If There Was an X-factor for Birds

Blackbird

The yellow beak of the blackbird is  a prominent feature.
The yellow beak of the blackbird is a prominent feature.

Notes from a Lancashire Countryman

If there was an X-factor for birds, the blackbird would surely be a finalist. His melodic fluty notes would melt the heart of even the most critical of judges. His song reverberates around woodland and garden alike. Unlike another contender for the final-the song thrush, the blackbird does not repeat his phrases continuously. He almost composes his song as he goes along, high flute then mellow.

The blackbird has entertained me since early March with his personal songs. I am not naïve enough to believe that he his singing his heart out for my benefit, he his advertising his territory, and at the same time letting his wife who is nesting in the concealed confines of the ivy, that all is well with the world.

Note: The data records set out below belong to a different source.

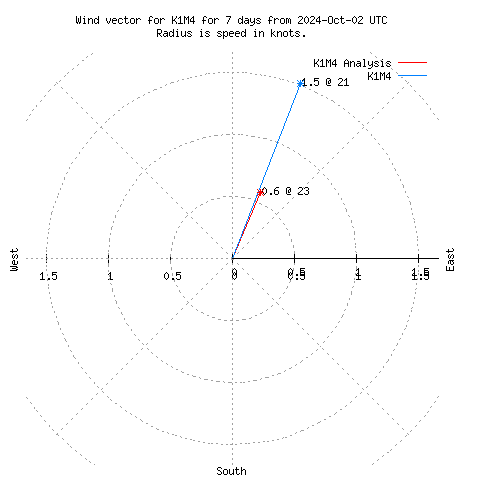 Wind vector chart for last 7 days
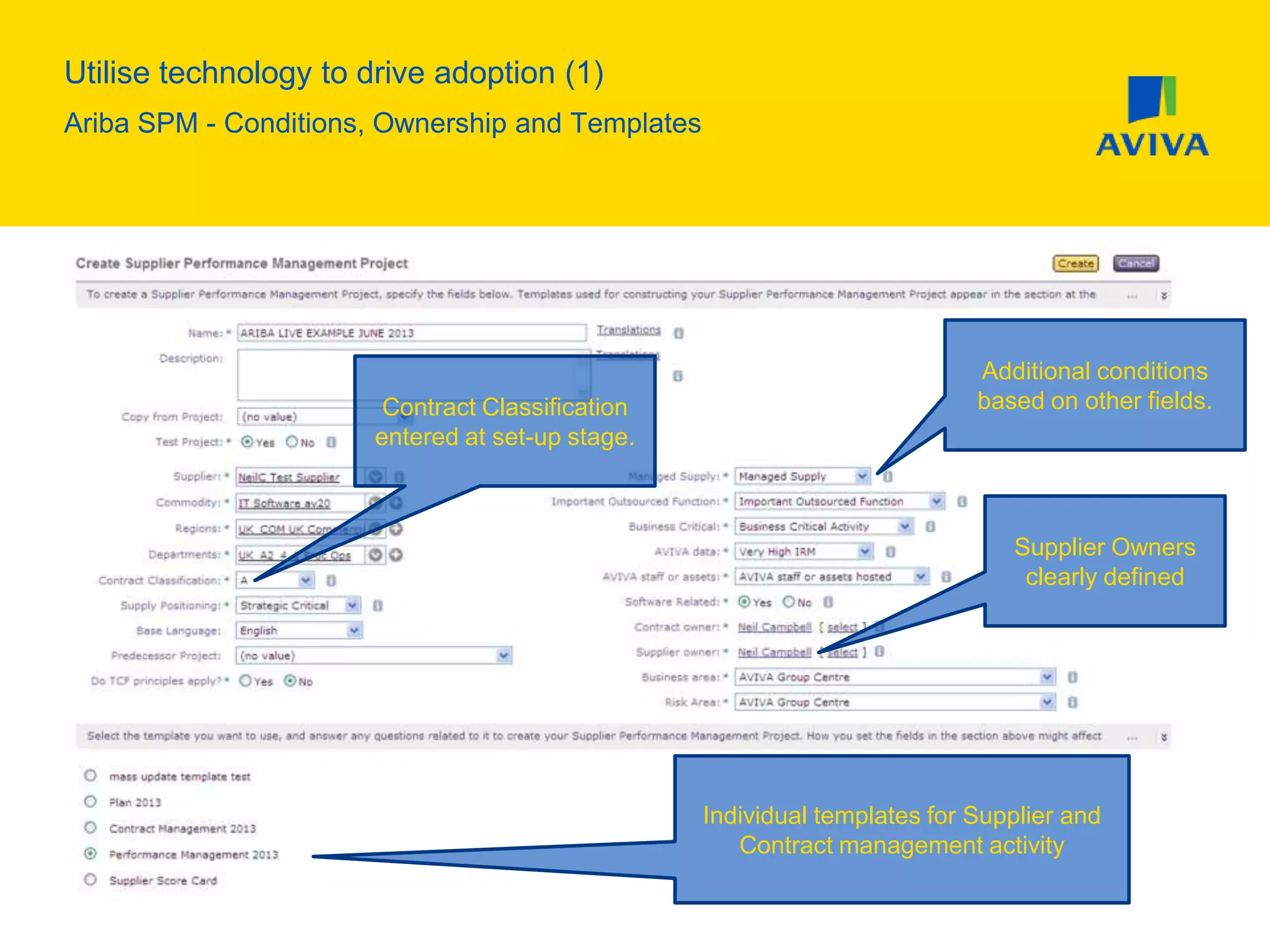 Utilise technology to drive adoption (1)
Ariba SPM - Conditions, Ownership and Templates
Contract Classification
entered at set-up stage.
Additional conditions
based on other fields.
Individual templates for Supplier and
Contract management activity
Supplier Owners
clearly defined
 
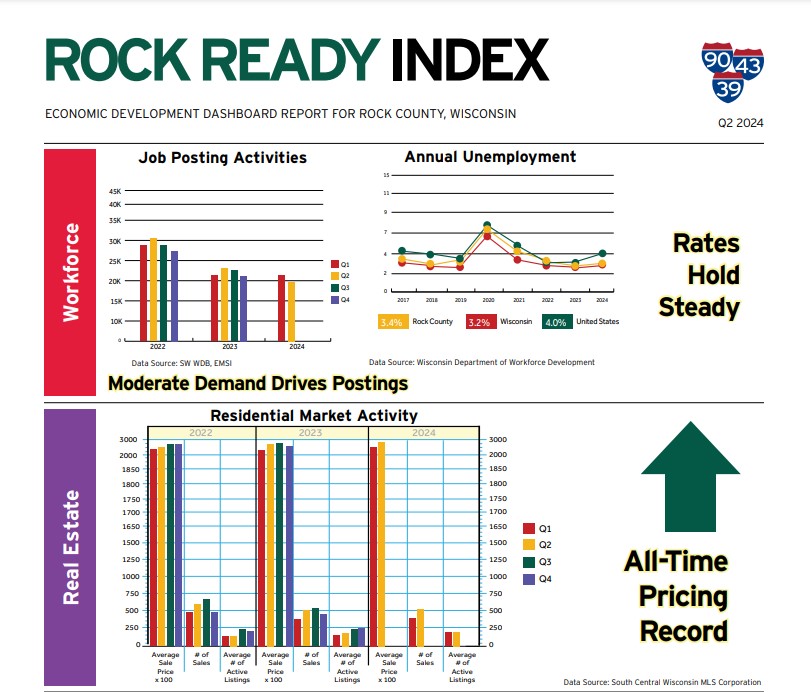 Rock Ready Index Q2 2024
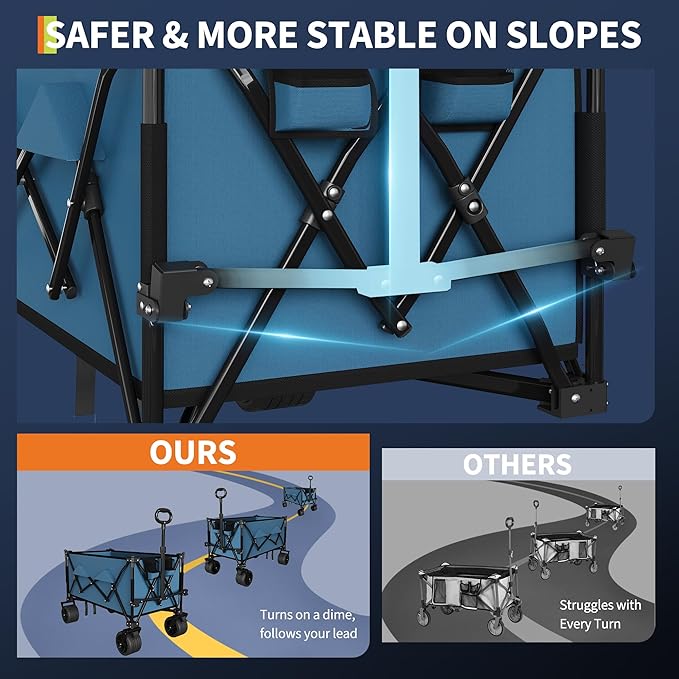 Heavy Duty Foldable Wagon for Beach, Extra Large Collapsible Foldable Wagon for Camping, All Terrain Beach Wagons Extended with Cup Holders for Sand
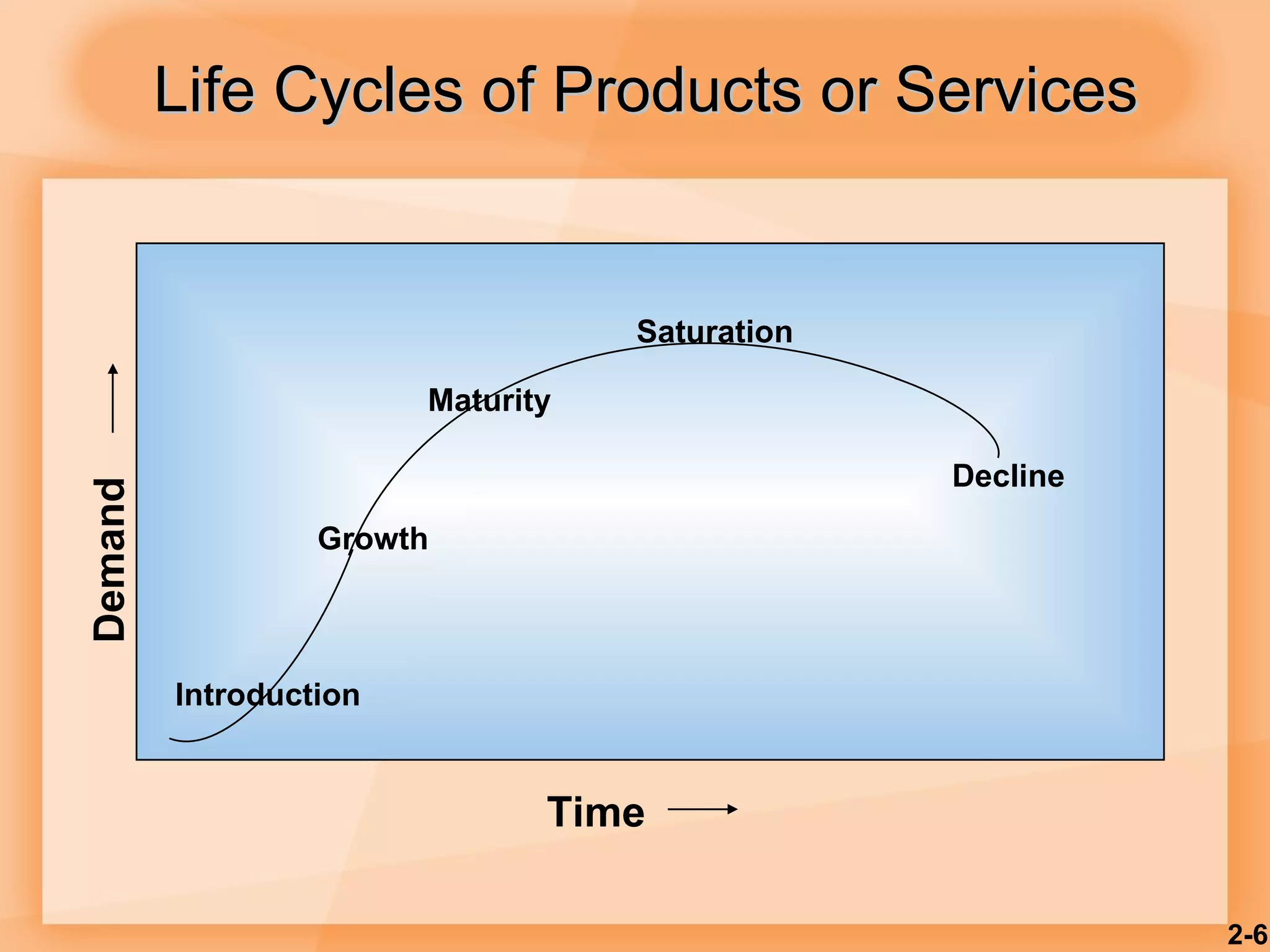 Life Cycles of Products or Services 2- Time Introduction Growth Maturity Saturation Decline Demand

The first brood was raised during April and the four speckled youngsters, to the best of my knowledge, survived the perilous transition from fledglings to independent birds facing a whole new life. The male blackbird has his name suggests has a shiny black plumage only broken by a bright yellow bill and yellow eye ring. His wife has a plumage of brown often speckled on the breast by duller brown markings.

Female

Female blackbird.Photograph courtesy of Darkone
Female blackbird.Photograph courtesy of Darkone

Like many other people who spend a great deal of their time in the garden, birds get used to ones presence and often stay close by when one is working in the flower garden, he will have a watchful eye on any tasty morsel that the spade or fork reveal.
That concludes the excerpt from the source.